> **Goal of the exercise**:
Output all of the data below without changing a word, and exclude the pictures.

> **Given data**:

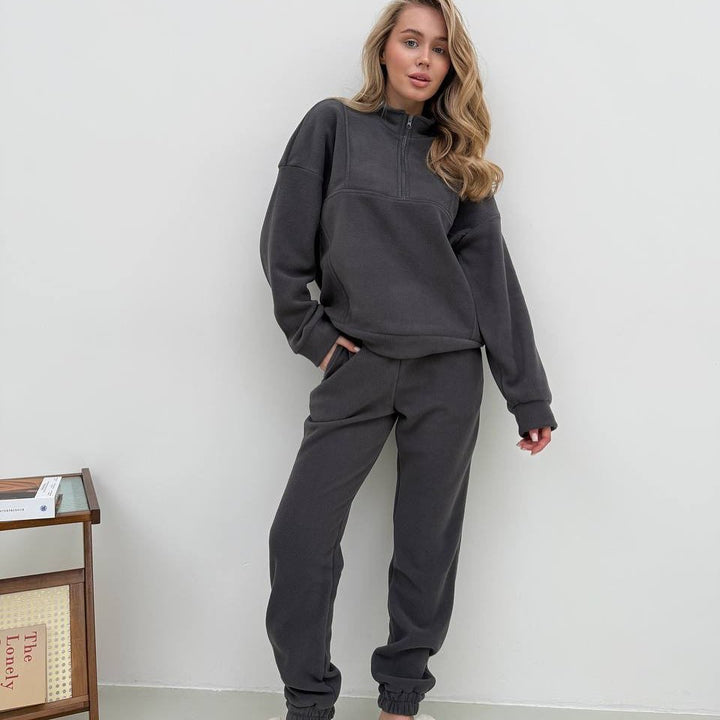 Kvinders hyggelige fleece joggingdragt med høj krave og elastiske manchetter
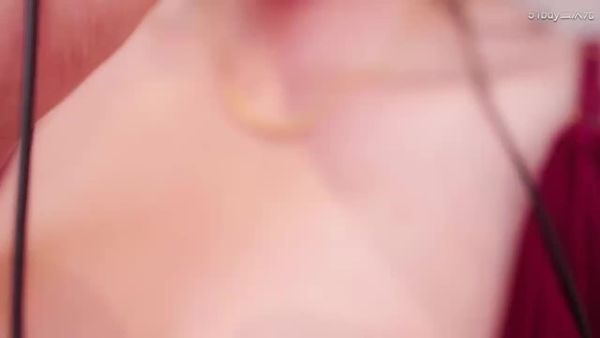 隔壁的苏苏 睡 红丝揉乃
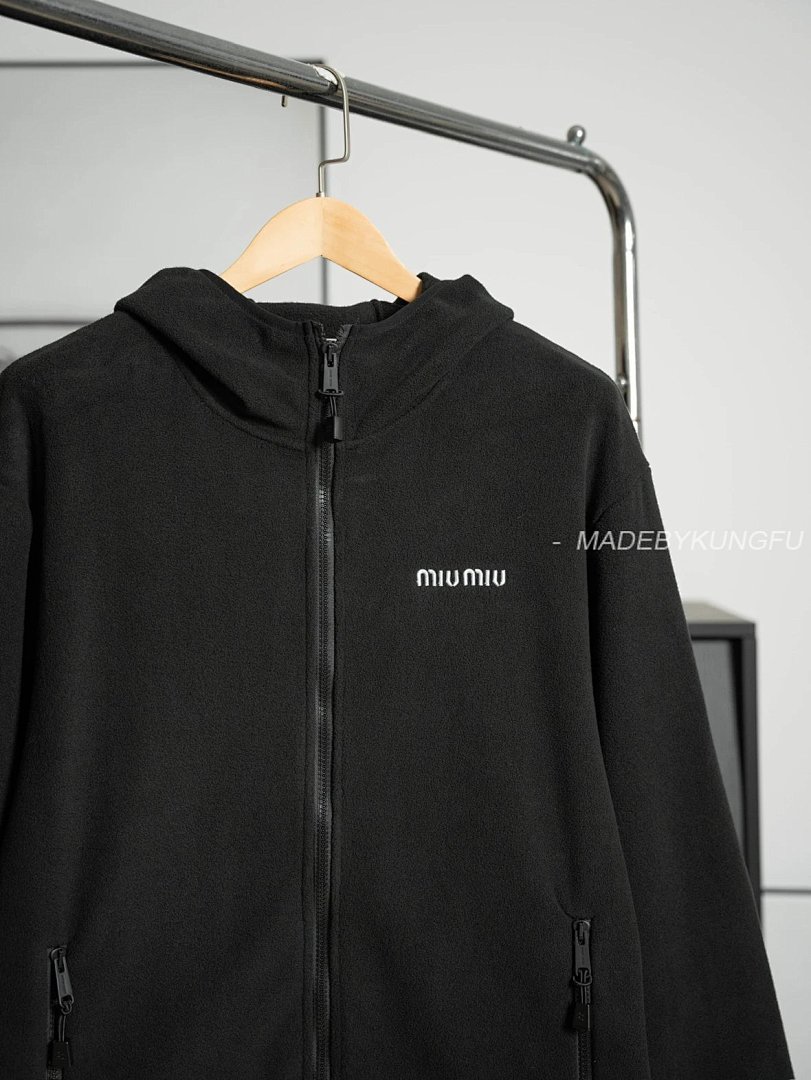 【A+ Item ID 8043 Miu FW25 Chinese Valentine's Day Cotton Logo Hooded Fleece Zipper - Image 14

> **Task answer**:
 Kvinders hyggelige fleece joggingdragt med høj krave og elastiske manchetter
 隔壁的苏苏 睡 红丝揉乃
 【A+ Item ID 8043 Miu FW25 Chinese Valentine's Day Cotton Logo Hooded Fleece Zipper - Image 14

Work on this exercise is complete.